The 2020s are here, dagnabbit

The eternal debate on when decades start

In the comic above, Ponytail accuses White Hat of being pedantic. Hah. I’ll show you pedantic.

The 21st century began on the first day of 2001. This has nothing whatsoever to do with whether there was a year zero. It’s just how counting works. If you’re eating donuts like mad, the first dozen comprises donuts number 1 through 12, and you don’t get to the second dozen until you start on donut 13.

(If you think nobody ever eats a dozen donuts, you’ve never been to Britt’s Donuts in Carolina Beach, North Carolina. On one such visit I watched a girlfriend consume over a dozen when she initially insisted she only wanted one. More generally, you don’t have to eat a dozen donuts all at once to eat a dozen donuts. You could eat them over the course of month or a year or whatever.)

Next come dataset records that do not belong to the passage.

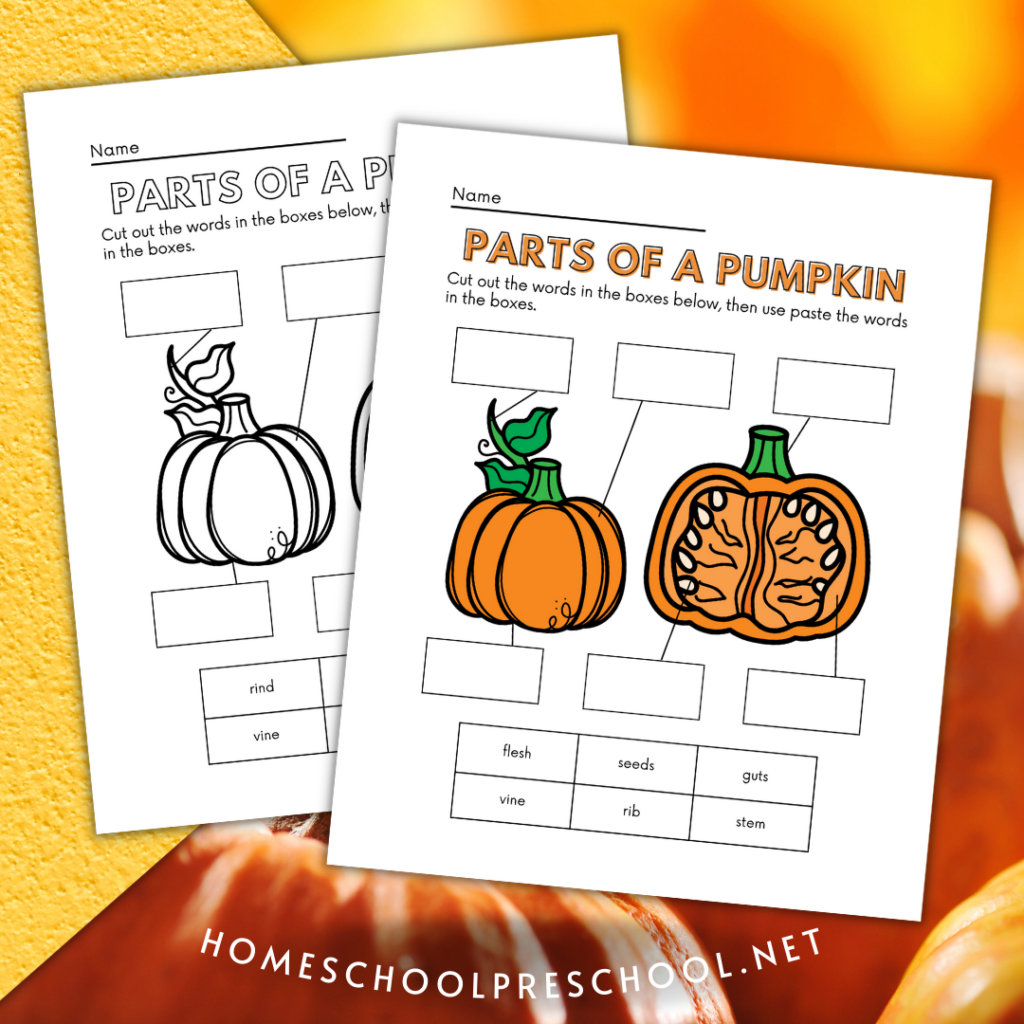 parts-of-a-pumpkin-worksheets-1024x1024 Parts of a Pumpkin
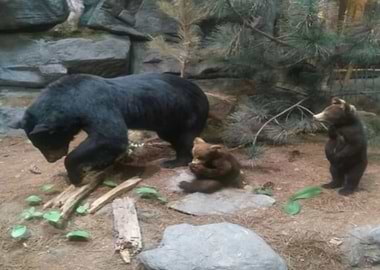 A Mama Bear and Cubs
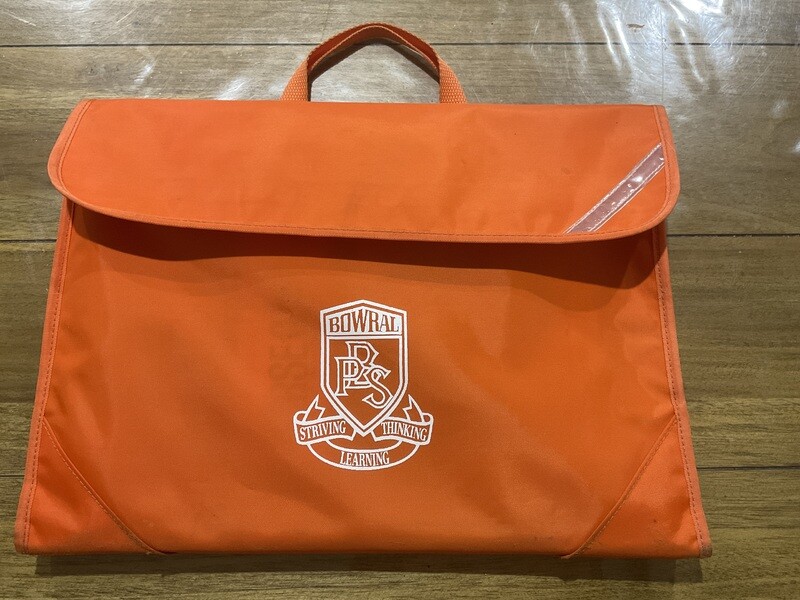 Library Bag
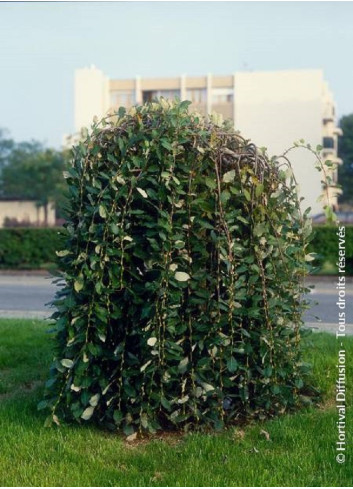 SALIX caprea PENDULA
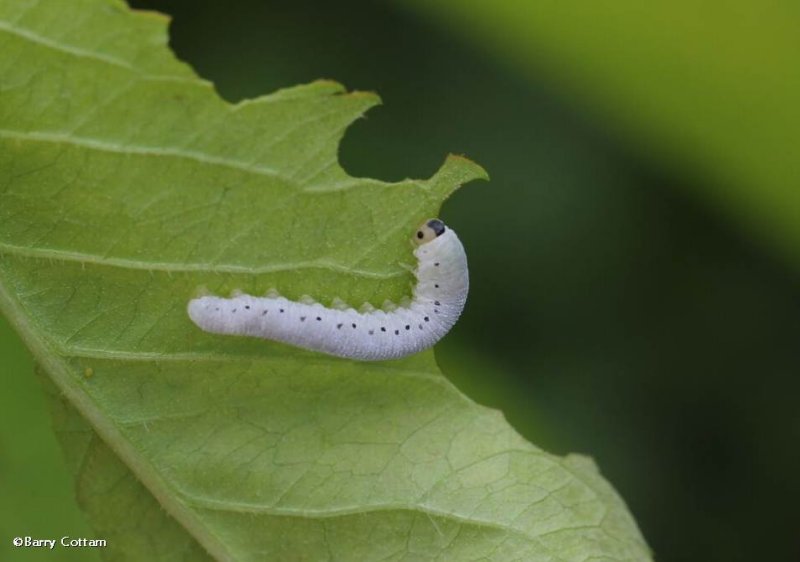 Sawfly larva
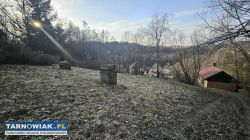 Siedlisko w otulinie lasów w msc. Gwoździec - Obrazek 3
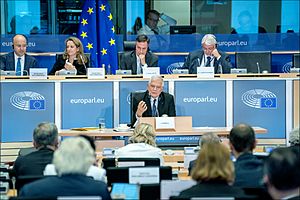 Hearing of Josep Borrell, High Representative Vice President-designate, A stronger Europe in the World (48859228518)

Also, by the straightforward meaning of the words, the 2000s began on the first day of the year 2000, and that’s true whether you’re talking about the 2000s in the sense of a period of a 1000 years, 100 years, or 10 years.

Likewise, the 2020s began today, the first day of 2020, but the third decade of the 21st century won’t begin until the first day of 2021. That would also be the start of the 203rd decade, if the 203rd decade were actually a thing.

It really is that simple. What screws it up is the assumption that the 100-year period we call “the 2000s” and the 21st century are synonyms. They’re approximately the same, they’re the same to within one percent, but they’re not exactly the same.

Also, a century can be an ordinal century (as in “the 21st century”), but the term also means any 100-year period. So 2001-2100 is a century, and so are 1951-2050 and 2000-2999.